At last I have read something by Andrea Levy! I have been meaning to do so for many moons now, and when my book club decided to go with Angela Carter instead of Andrea Levy for next month, I trotted round to the library and got The Long Song. I wanted Small Island but it turned out I couldn’t be bothered climbing all the way up the stairs to the second floor where they keep the non-new fiction. (I know Long Song came out in 2010. Don’t ask me to explain the new/not new classification system of the New York Public Library.)
The Long Song is the story of a slave girl named July, the daughter of a slave on a Jamaican plantation and the plantation’s overseer. Taken from her mother, she becomes a house slave, serving as lady’s maid to the foolish, self-centered, and easily led Caroline Mortimer. July’s life, lasting through the Baptist War in 1831 and the (nominal) emancipation of the Jamaican slaves, is framed as a story written by the mother of a printer, Thomas Kinsman, with occasional editorial asides from Thomas Kinsman to clarify matters and make pointed remarks about his mother’s reliability.

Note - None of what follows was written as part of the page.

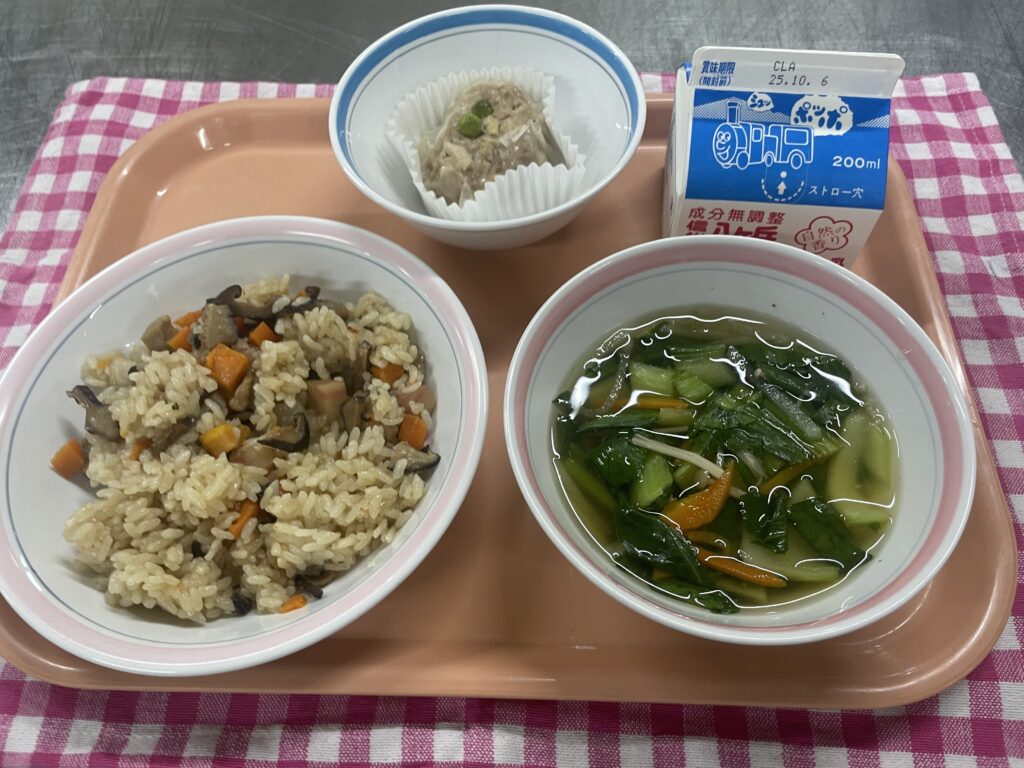 週末はジャンボしゅうまい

What was very good indeed: (and I loved this) The complex depiction of racism and prejudice throughout the book. We see all different varieties of racism, from the open hatred and contempt of the overseer, to the weak-willed giving in to racism of many of the other white characters, to the pride July takes in being mulatto, rather than black. I also loved the way Levy portrayed the intense cognitive dissonance that was created for many of the characters by their situations, and the extreme ways in which they resolved it. Caroline Mortimer, for instance, causes something pretty horrible to happen midway through the book, and she deals with it by pretending that something totally different happened; this parallels July’s need to paint a happier, or at least a tidier, picture of the events of her life.

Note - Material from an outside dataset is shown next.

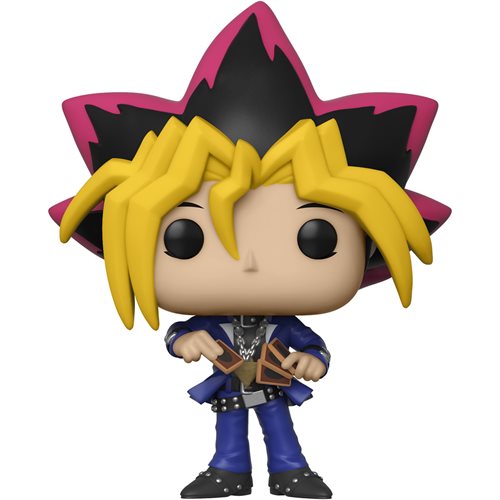 Funko POP Animation: Yu-Gi-Oh Yugi Mutou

The unreliability of July as a narrator was enjoyable, as it emphasized the back and forth between the casual, slangy, careless way the character July speaks, and the very Victorian speech patterns of the narrator (whom we know to be a much older July). There were times when the narrator would tell the story one way, then pause to say that, okay, that’s not really what happened, my son wants me to tell the truth, so this is what really happened. I loved that, particularly as employed at the very end of the book, but I thought Levy could have made better use of it. I have told y’all before that I like an unreliable narrator, but what I like about an unreliable narrator is reaching the end of the book and not being sure what to believe. When July was being unreliable, it was usually made clear and corrected.
In spite of these excellent aspects, I had a hard time connecting with the characters and thus loving the book. I felt like I was at arm’s length the entire time, and I couldn’t exactly discern why that should be the case. I might have been doing it myself, self-protecting because I find books about slavery so viscerally upsetting. Or it might have been Andrea Levy’s choice of narrator, and the way that July very rarely gives the reader a glimpse of her most deeply-held emotions. As a trend, I like characters to the exact extent that they want something I can sympathize with.